* **The task**
Your task is to retype every entry exactly while omitting the pictures.

* * * * * * *

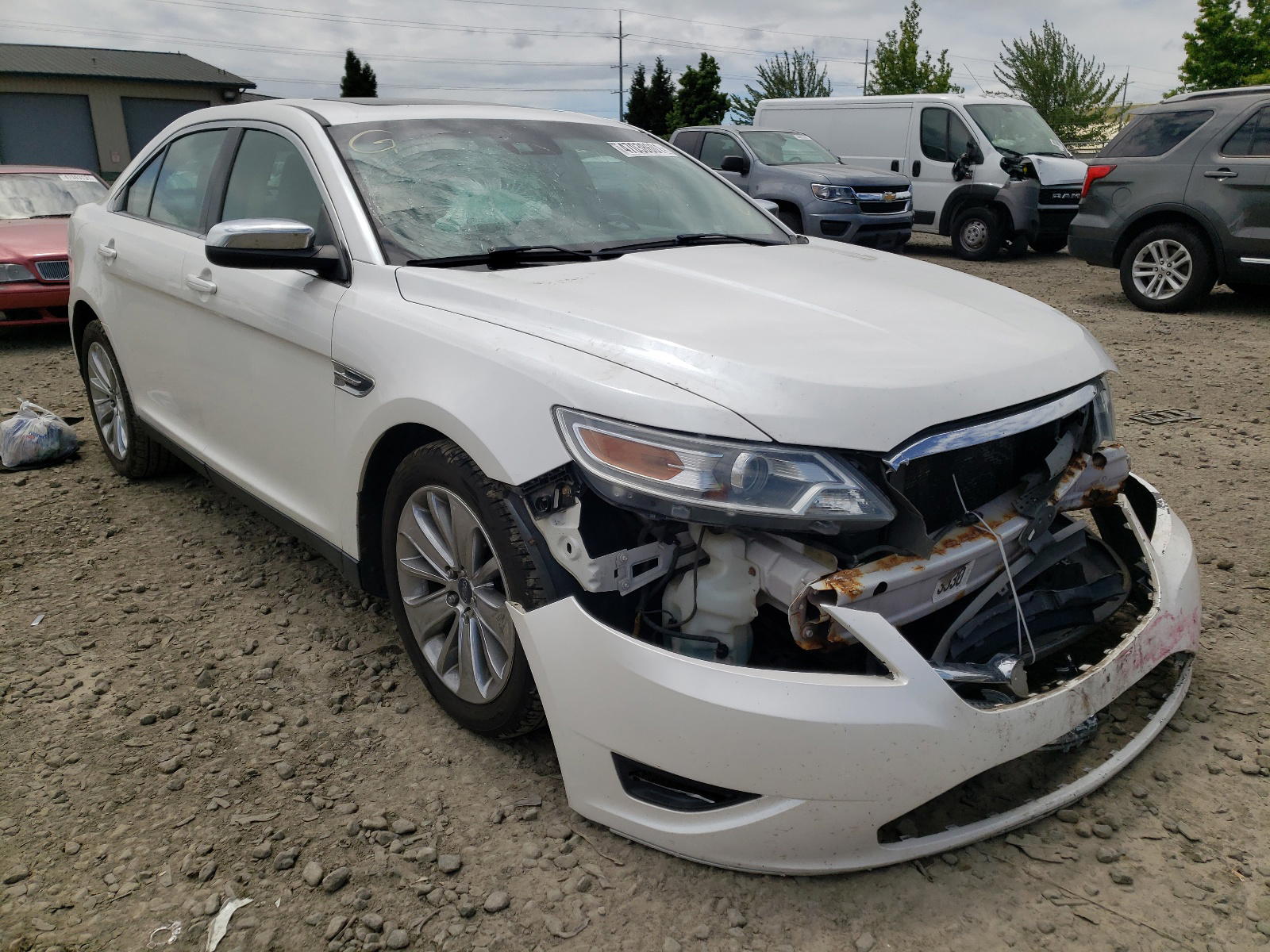 FORD TAURUS LIM 2010 with VIN 1FAHP2FW8AG139796 - Photo from auction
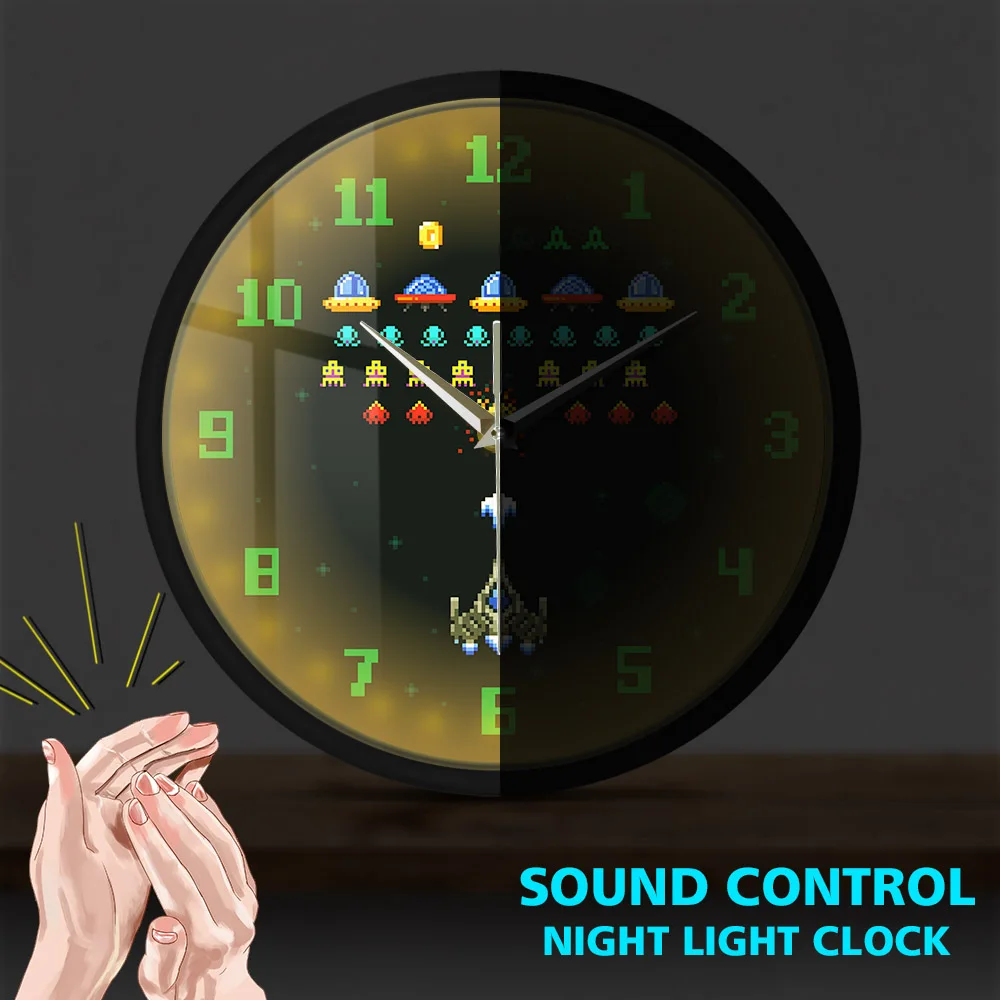 Retro Video Game Space Night Light Wall Clock Alien Invader Pixel Spaceship Sound Activated Watch Quiet Sweep Quartz Timepiece | Дом и сад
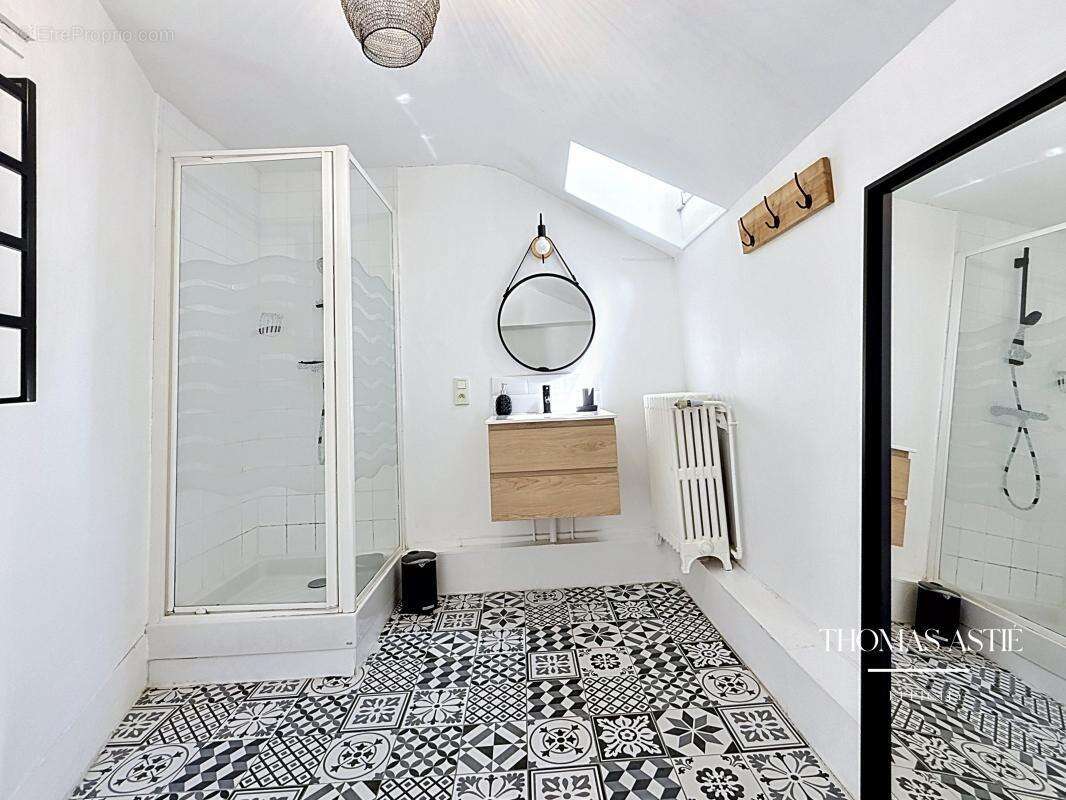 Maison 54 m² à Saumur  - photo 9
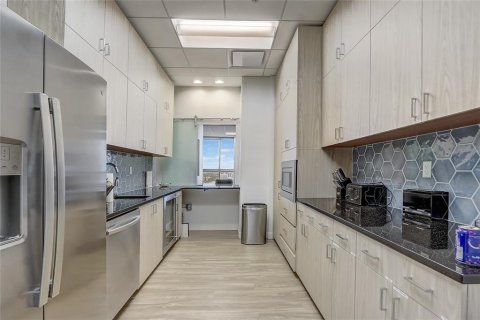 Propiedad comercial en alquiler en Orlando, Florida № 1690896 - foto 18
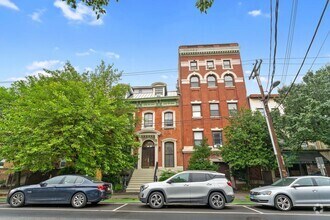 Building Photo - 174 Grand St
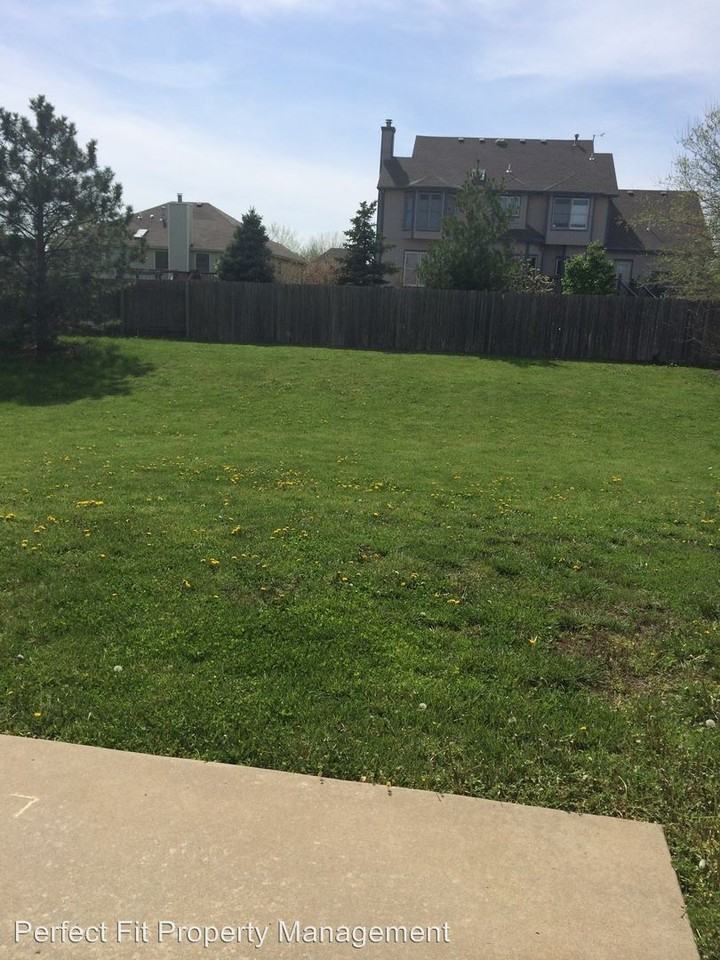 2907 Crestline Dr - Photo 2 of 25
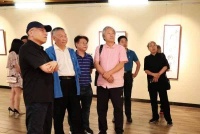 “问道阳羡”吕雪峰书画作品展亮相江苏宜兴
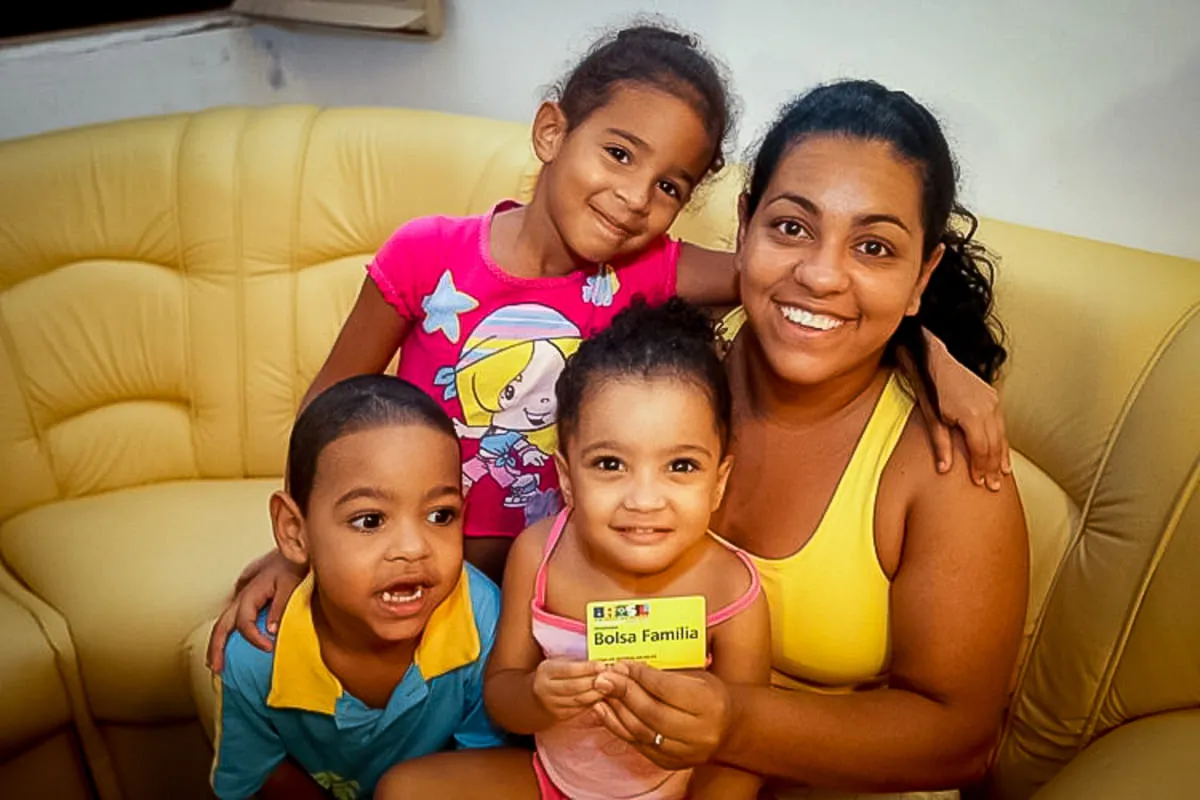 Desvende os segredos do Bolsa Família: filho maior de 18 anos pode receber o benefício sozinho? Entenda as regras cruciais de moradia e renda para garantir o auxílio sem complicações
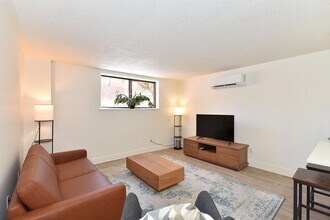 160 Dowling Ave Toronto in Toronto, ON - Building Photo - Building Photo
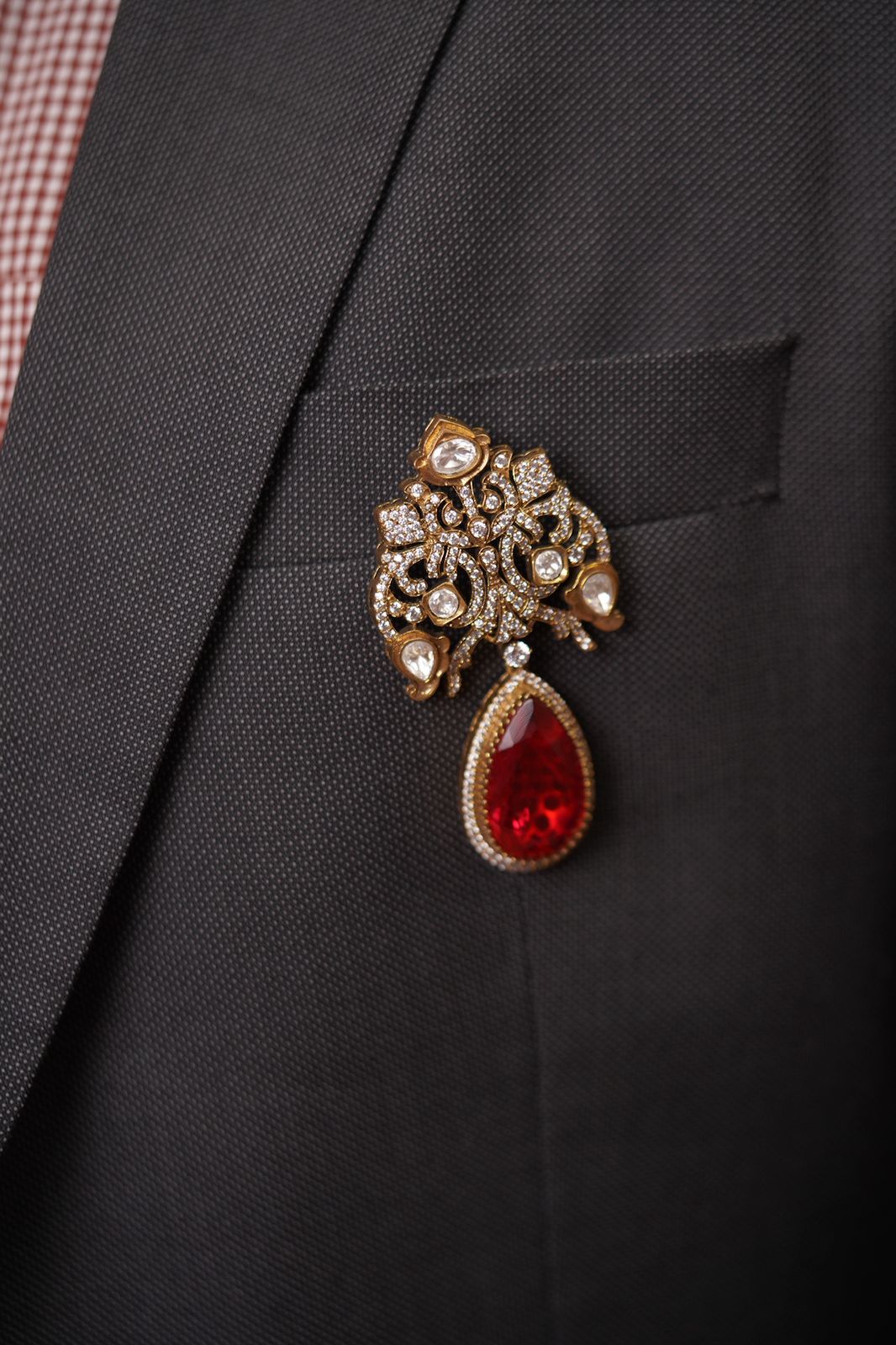 Tata Polki Unisex Brooch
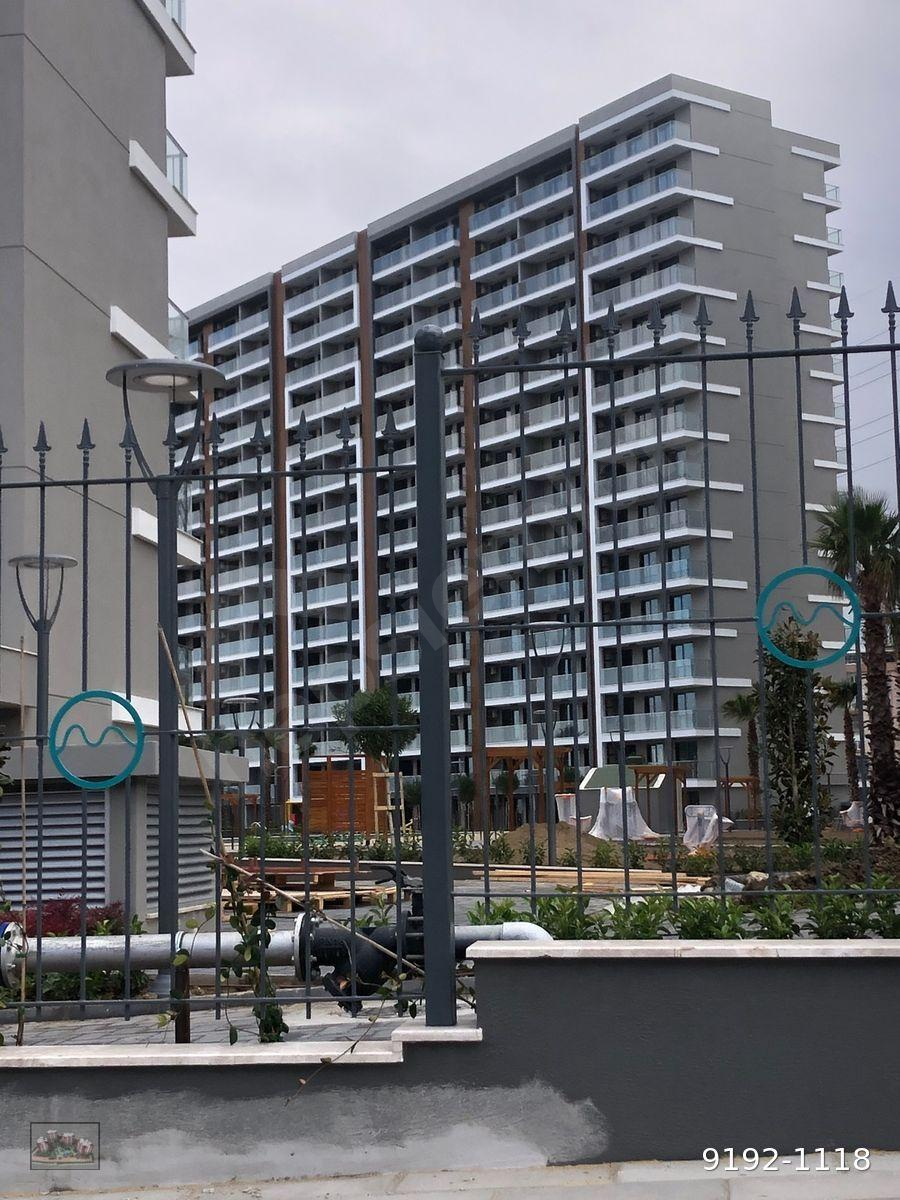 Manisa Meydan sitesinde 1+1 kiralık havuz ve AVM. Cepheli eşyalı cadde cepheli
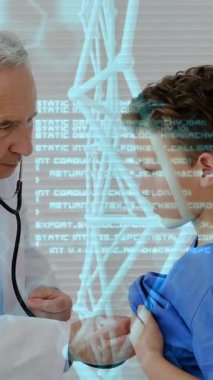 Kafkas erkek doktorunun genç hastasını muayene ettiği ağ bağlantılarının animasyonu. Tıp ve dijital arayüz kavramı dijital olarak oluşturulmuş video.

* * * * * * *

* **Written answer**
 FORD TAURUS LIM 2010 with VIN 1FAHP2FW8AG139796 - Photo from auction
 Retro Video Game Space Night Light Wall Clock Alien Invader Pixel Spaceship Sound Activated Watch Quiet Sweep Quartz Timepiece | Дом и сад
 Maison 54 m² à Saumur  - photo 9
 Propiedad comercial en alquiler en Orlando, Florida № 1690896 - foto 18
 Building Photo - 174 Grand St
 2907 Crestline Dr - Photo 2 of 25
 “问道阳羡”吕雪峰书画作品展亮相江苏宜兴
 Desvende os segredos do Bolsa Família: filho maior de 18 anos pode receber o benefício sozinho? Entenda as regras cruciais de moradia e renda para garantir o auxílio sem complicações
 160 Dowling Ave Toronto in Toronto, ON - Building Photo - Building Photo
 Tata Polki Unisex Brooch
 Manisa Meydan sitesinde 1+1 kiralık havuz ve AVM. Cepheli eşyalı cadde cepheli
 Kafkas erkek doktorunun genç hastasını muayene ettiği ağ bağlantılarının animasyonu. Tıp ve dijital arayüz kavramı dijital olarak oluşturulmuş video.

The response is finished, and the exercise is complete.